Things to ponder...
/How much human is a horse?
Lately, I got involved in one of those ineffable discussions on Facebook. Again.
I know it‘s of no use, and I know it‘s a waste of time. But sometimes, I just can‘t keep my mouth shut.
Like in the following case. One woman posted in the Natural Horsemanship Students group that she‘d been on holiday and now she‘s back and finds a changed horse. She was convinced that the horse was sulking because of her absence and asked what she could do about it. I dared to write that she might misinterpret the behavior. Because I doubt that horses can be insulted.
Well, and here we are anthropomorphizing the horse. That horses have feelings is clear and not to be denied. But what exactly are they able to feel? Do they know the same emotions as us humans? Are we pretty similar in fact?
There are no real answers as even science will probably never be able to place us in a horse‘s head and allow us to share its conscience. So what is left, are observations. Observations and the conclusions we draw.
As you might know I am quite fond of traditional horsemanship and I‘ve learned that it‘s no good to project human traits on horses. And that‘s what I am convinced of. Still. Even after I got scolded for being an arrogant, bad, mean, vicious human who denies horses feelings and conscience and everything.
If she‘d asked, I‘d offered her my point of view along with some explanations (which she didn‘t want to hear of course). Well, I think that nature has equipped the horse with all the emotions necessary for his survival. And I think that nature has deprived the horse of all the emotions that would complicate his survival. For instance: If a horse knew no fear and no caution, it would make an easy prey. But what if a horse knew compassion or remorse? The stud would not be able to kill his competitor‘s offspring without being tortured by scruples afterwards. Maybe this scenario is possible. But unlikely, in my eyes. If horses knew remorse or guilt, that would imply that horses are able to judge their behavior and its consequences (for themselves and their buddies) in complex contexts plus far in the future. So the stud is tormented by his bad conscience but he still kills the non-legitimate sons of his mares. Plus, he really needs to apologize to his rival whose leg he almost broke at their last fight. Well, it may be possible, but it would be inconvenient, obstructive. I think nature prefers simple over complicated.
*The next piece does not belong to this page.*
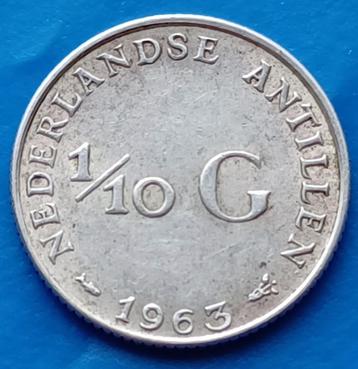 Nederlandse Antillen 1/10 gulden - 1963  beschikbaar voor biedingen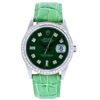 Image 1 : Rolex DateJust Diamond Lizard Green 36MM Watch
I don‘t deny horses emotions in general, of course. But I think that from time to time us humans would be well advised to take some distance from our egos and to see our horses as what they are: prey animals, domesticated for thousands of years, but still not to be compared with humans.
Of course, I want too that my horse loves me, misses me and defends me if necessary. But I believe, unfortunately, that without me he still has everything he needs to live a happy life. We are an accessory to our horses‘ lifes. Some of them like us and spending time with us, others would be happy if we‘d stayed away. I don‘t think that‘s sad or tragic. It‘s just the way it is. But out there seem to exist people (and not just a few) who cannot handle the thought that horses are independent to some degree and survive without their owners (I am writing about emotional bonds here. Of course, horses need food and water to survive). Of course, some horses form stronger bonds. But still, I think, they are able to sever them more quickly and easily than us humans could.
Looking at my project horse: He doesn‘t like to be touched or handled by persons he doesn‘t know. He then threatens to bite, pulls an angry face and if he feels extremely superior he might even kick. I could interpret this behavior as him missing his regular handlers and therefore being angry and insulted. But what I actually believe is this: He doesn‘t like his routines being changed and mixed up.
If humans were around him that respected his needs and tuned into him, who respected his personal space, didn‘t flood him with too much energy and asked very politely - he‘d be fine with it and wouldn‘t mind if it were us or others. As long as his needs are taken care of. We are disposable.
I‘m sorry if this doesn‘t sound like Fury or Black Beauty. But life‘s not a pony ride.